Exercise objective: Below are some records. Return exactly their lines from the one containing "Bent fins on" through the one containing "the mirror beautiful", and drop the pictures.

▼▼▼

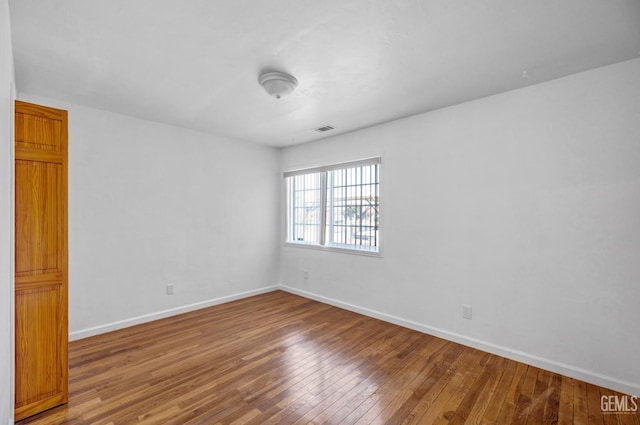 spare room featuring hardwood / wood-style flooring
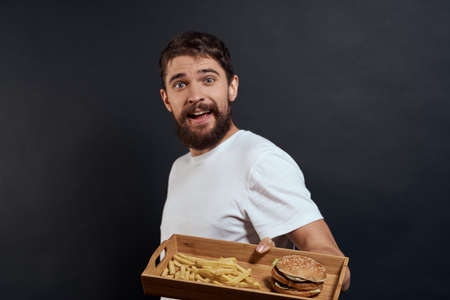 Woman man with pallet of fast food fries and hamburger diet food restaurant white t-shirt dark backgroundの写真素材
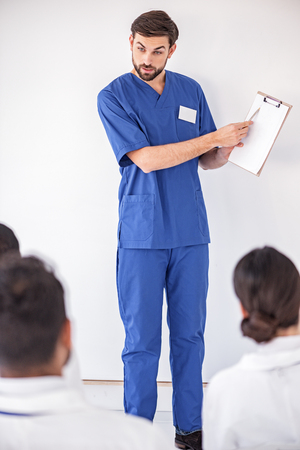 Calm medical adviser showing picture to partnersの写真素材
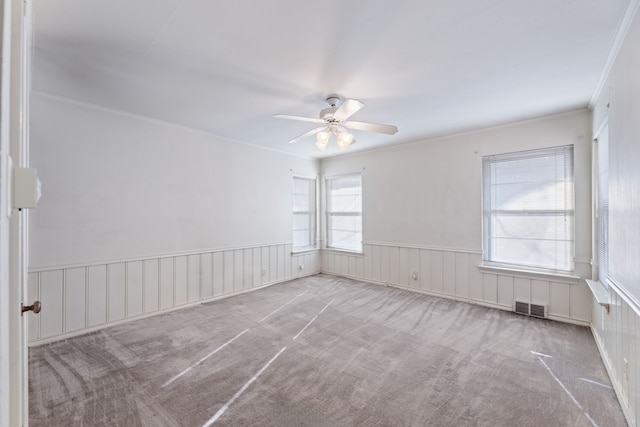 empty room featuring ceiling fan, light colored carpet, and ornamental molding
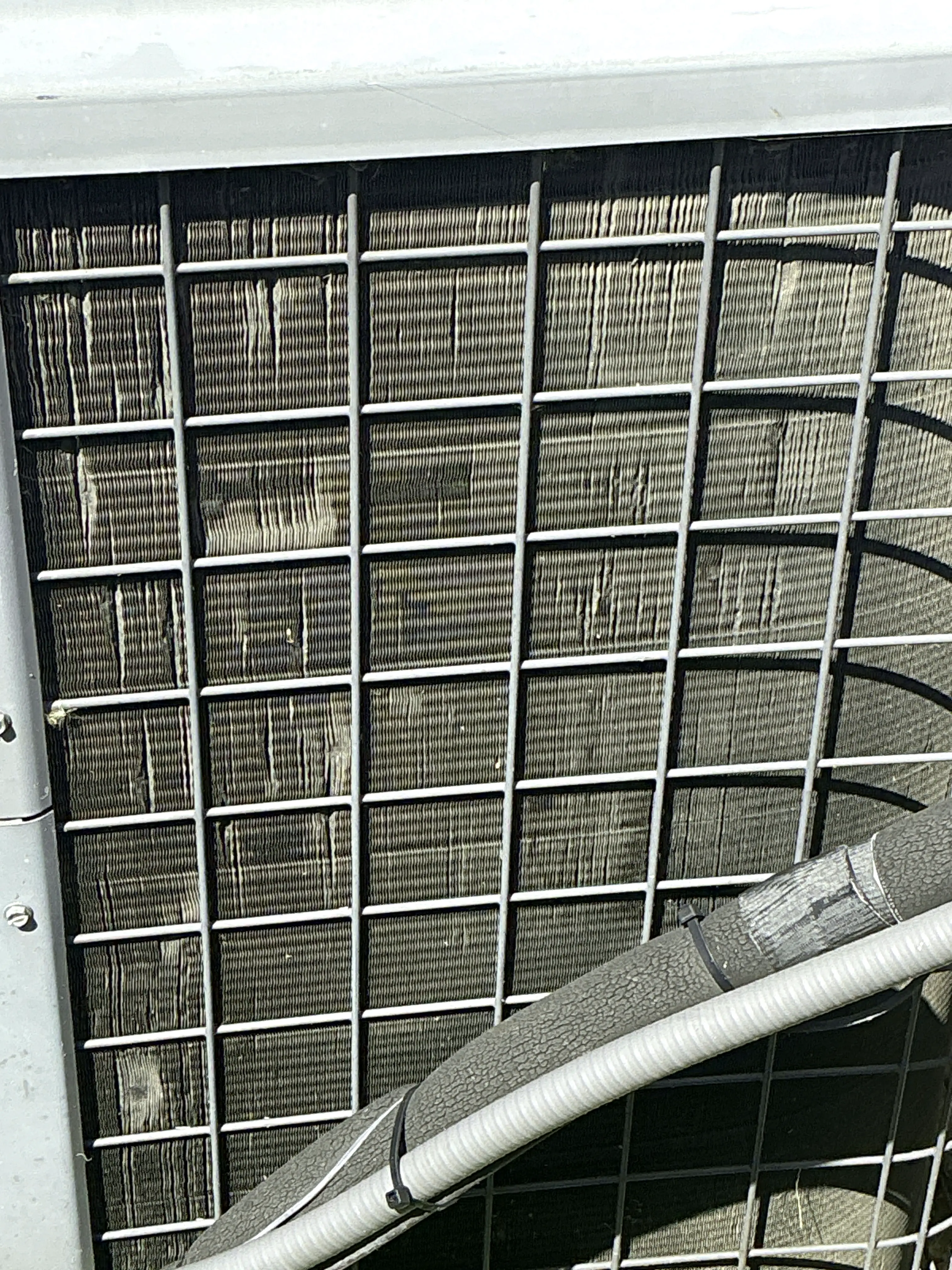 Bent fins on an outdoor air conditioning condenser coil 2026-07-31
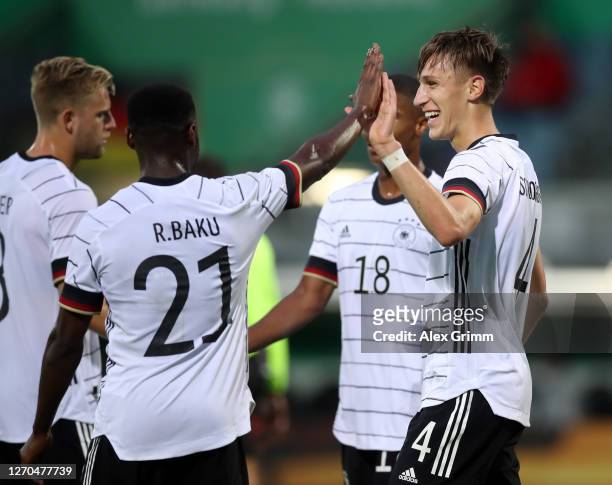 Nico Schlotterbeck of Germany U21 celebrates with teammate Ridle Baku of Germany U21 after scoring his team's third goal during the UEFA Euro Under...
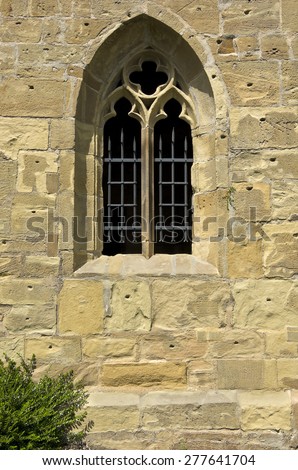 Gothic Window - Gothic medieval window with tracery in a wall opening.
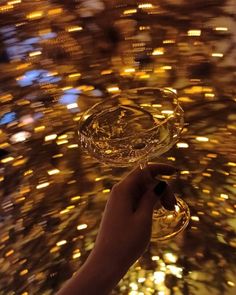 a hand holding a wine glass in front of a gold glittered ceiling at night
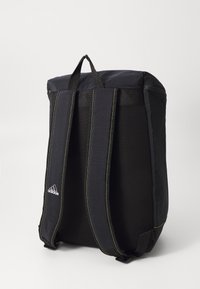 Svart Adidas ryggsäck med vadderade axelremmar, nätbakpanel, handtag upptill och gul sömnad mot en vit bakgrund.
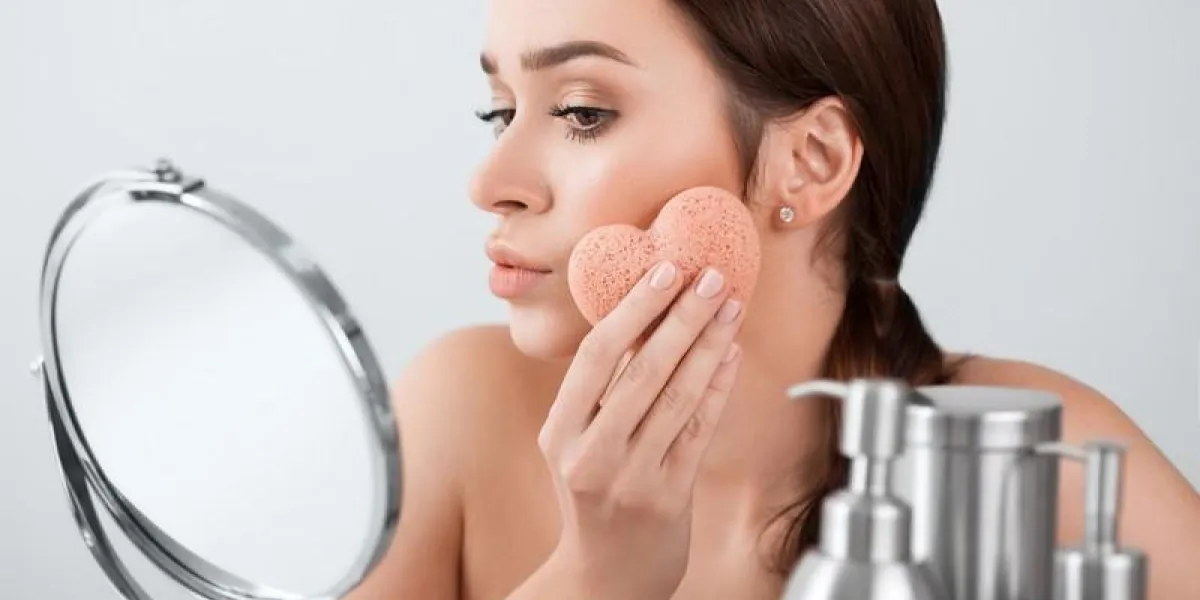beautiful woman make a facial treatment with a sponge in the mirror beautiful woman make a facial treatment with a sponge in the mirror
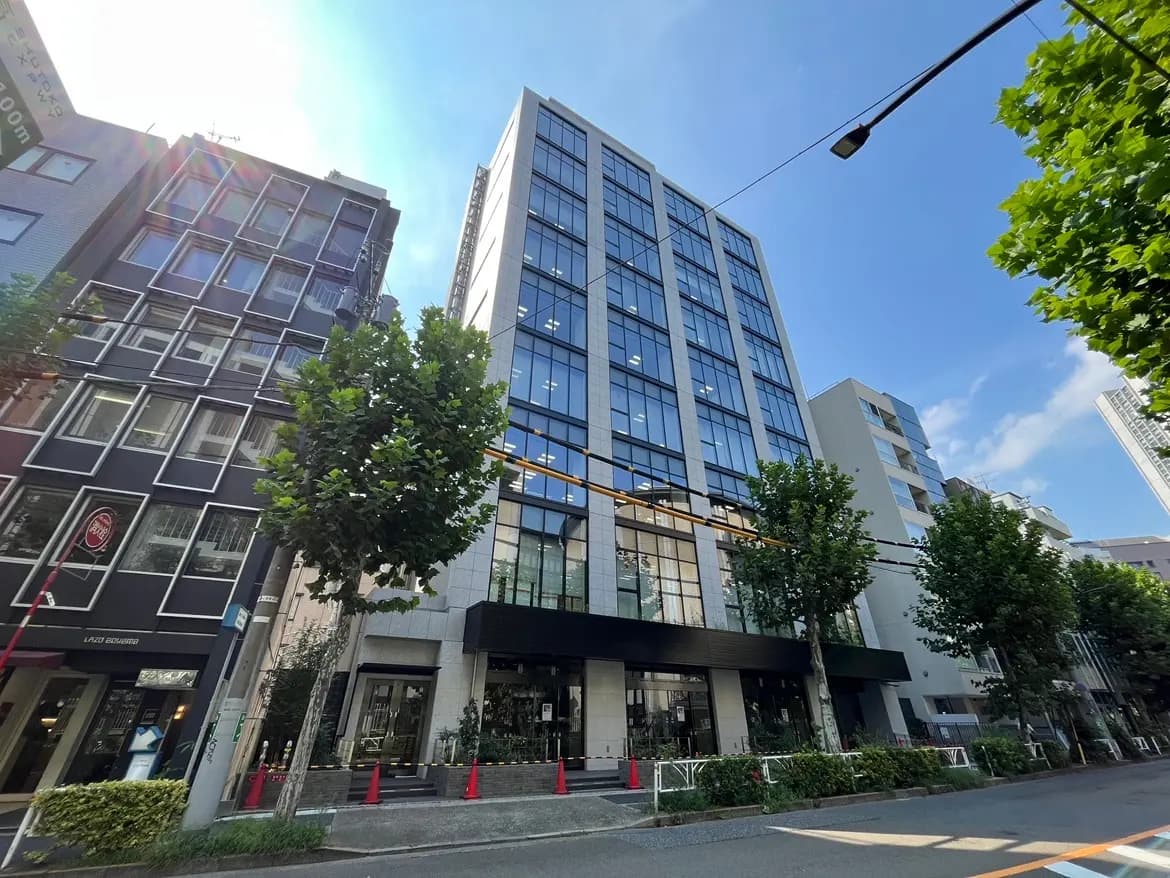 - モダンなオフィスビルの外観、ガラスのファサードと周囲の緑、青空が広がる繁華街の風景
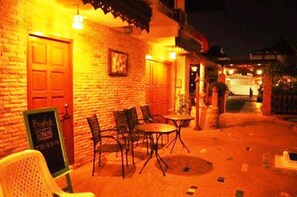 An outdoor seating area with brick walls, wooden doors, and tables and chairs. - MD House (Chiang Mai)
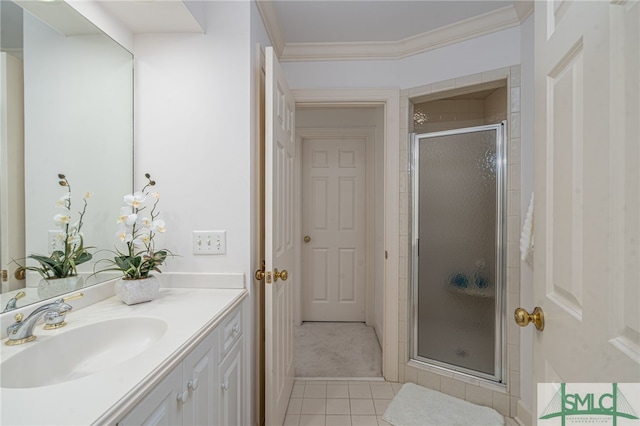 bathroom with tile patterned floors, a stall shower, vanity, and crown molding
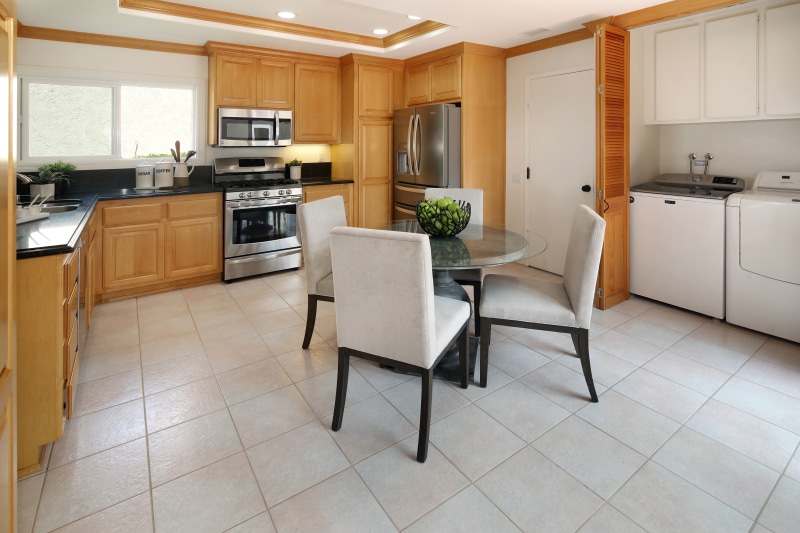 Kitchen with Dining Table and Laundry Appliances
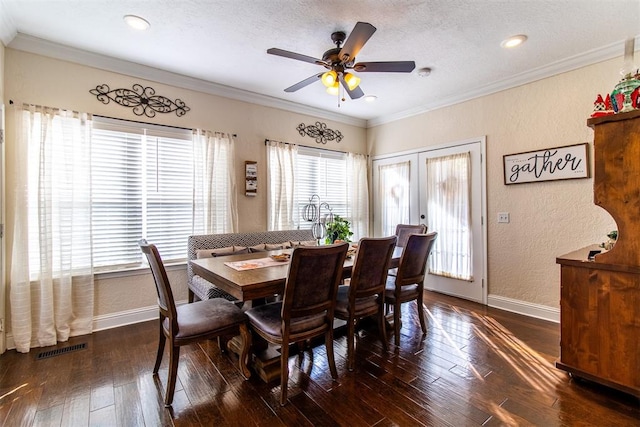 dining area with ceiling fan, dark hardwood / wood-style flooring, and ornamental molding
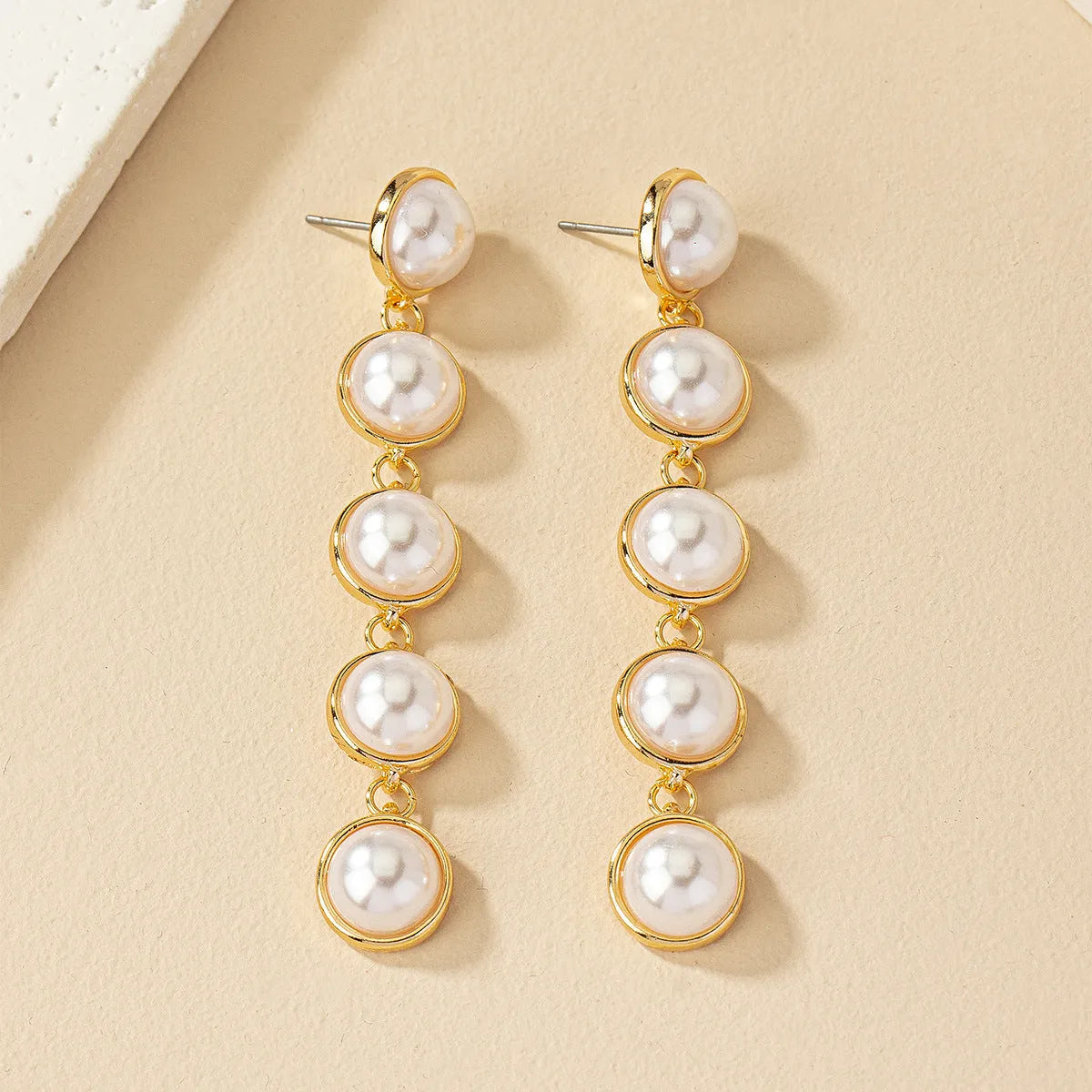 White metal drop tassel earrings with pearl water flow design on display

▲▲▲

Answer to the exercise:
 Bent fins on an outdoor air conditioning condenser coil 2026-07-31
 Nico Schlotterbeck of Germany U21 celebrates with teammate Ridle Baku of Germany U21 after scoring his team's third goal during the UEFA Euro Under...
 Gothic Window - Gothic medieval window with tracery in a wall opening.
 a hand holding a wine glass in front of a gold glittered ceiling at night
 Svart Adidas ryggsäck med vadderade axelremmar, nätbakpanel, handtag upptill och gul sömnad mot en vit bakgrund.
beautiful woman make a facial treatment with a sponge in the mirror beautiful woman make a facial treatment with a sponge in the mirror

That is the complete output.